One thing that Final Cut Studio’s developers have been scared to change, and rightfully so, is the overall interface of the editing program. The proof that this is ground worth treading softly on is in the release of iMovie ’08, which stripped down the consumer software’s interface to the bare minimum. Relying more on clips smashed up against one another than on a “timeline” metaphor, Apple alienated tons of users who couldn’t grasp the change from previous versions of the software. In ensuing releases, they have slowly added the lost features back. However, the damage was done, and you can’t reinvent the wheel overnight for software that powers an industry. But how stagnant has Final Cut’s interface been?

Final Cut Pro 1.2.5 ScreenshotTo the left is a still from Final Cut 1.2.5 running on Mac OS 9 posted to kenstone.net in early 2001. The interface today is almost identical. Functionally, there is no comparison. HD, multiclipping, Color integration, improved plugin extensibility…the list goes on and on. Final Cut 7 is a thousand times the editor that FCP 1.2.5 was. And yet the basic design of it survives a decade and a major OS redesign. In general, none of this would matter if it weren’t for the announcement of Mac OS X 10.7 Lion, which adds new multi-touch gestures on the OS level and highlights full-screen, iPad-like apps delivered through the new Mac App Store.

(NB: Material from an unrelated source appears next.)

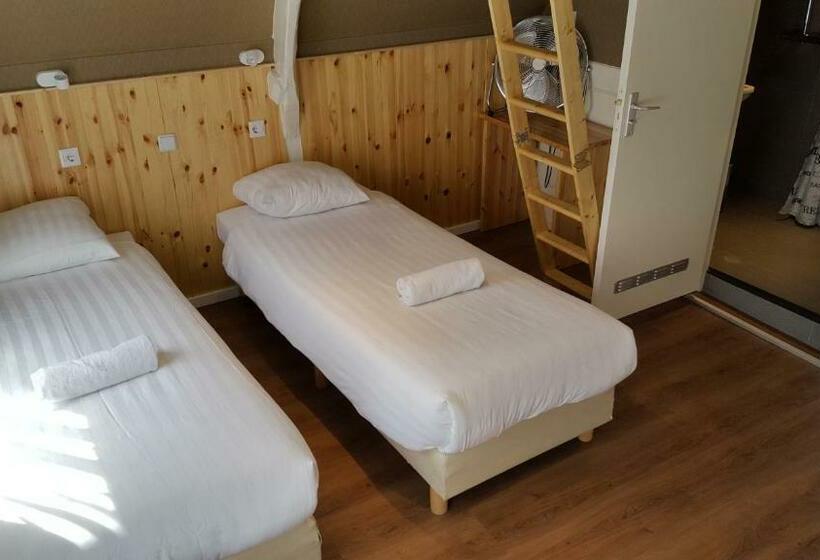 חדר סטנדרט לשלושה, Old Quarter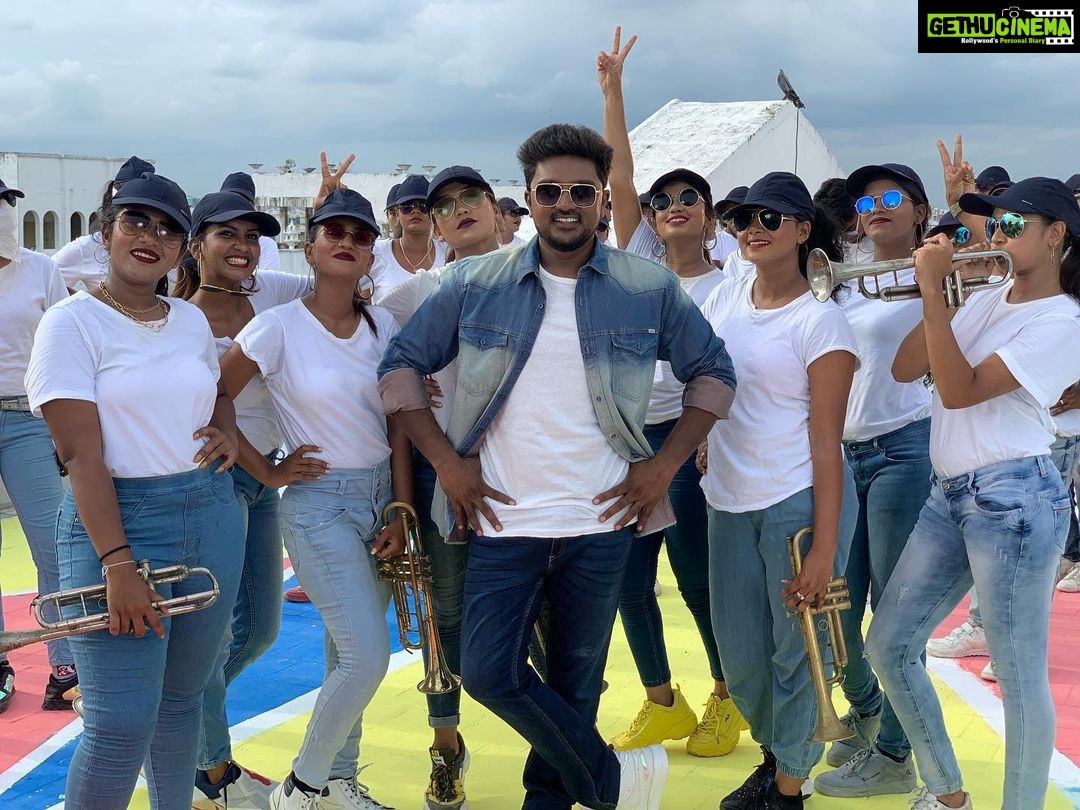 Bala Saravanan - 10.8K Likes -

What does it mean to say that Final Cut Pro 7 is a modern, powerful application stuck in an OS 9 body? For starters, Final Cut relies heavily on multiple windows floating over the desktop. Get rid of any window and you can see the desktop behind it. Oddly, even the “standard” Final Cut display will leave a little bit of the desktop peeking out (in the lower right corner of the screen). This has long been a Mac-ish concept, so much so that when Adobe opted to introduce a more Windows-like neutral background in Photoshop CS3, users sparred a bit over the de-Mac-ification of the application. As Adobe’s John Nack pointed out back in 2008, Apple’s own applications have a bit of schizophrenia when it comes to interface:

What about Apple’s own applications, as they would be presumably be the definition of Mac-like, right? I noticed a couple of things:

  • The pro video apps (Final Cut Pro, Motion, Color, DVD Studio Pro) configure their windows/panels to take over one’s screen completely.
  • Aperture and iPhoto put all the UI into a window & optionally take over the screen in a dedicated full-screen mode.
  • The iLife and iWork apps (Keynote, Pages, iWeb) all feature a UI approach that marries together content & interface in a single window.

Here are a few additions to his list (all of which stands true after two and a half years):

  • Soundtrack Pro and Motion take up one whole window with tabbed toolbars that can be “torn” off into new windows/panels.
  • DVD Studio Pro mostly consists of one big window with the same tabbed toolbar interface, though out of the box it also has extra panels which are their own windows.
  • Color is really an island unto itself; it fills the screen completely in one big window with a much different interface based around “rooms”.
  • Compressor is a mess; it bunches panels together slapdash. Even simple transcoding tasks become a hassle because you have to deal with so many windows. The same goes for Cinema Tools, which has far too many windows for a simple database application.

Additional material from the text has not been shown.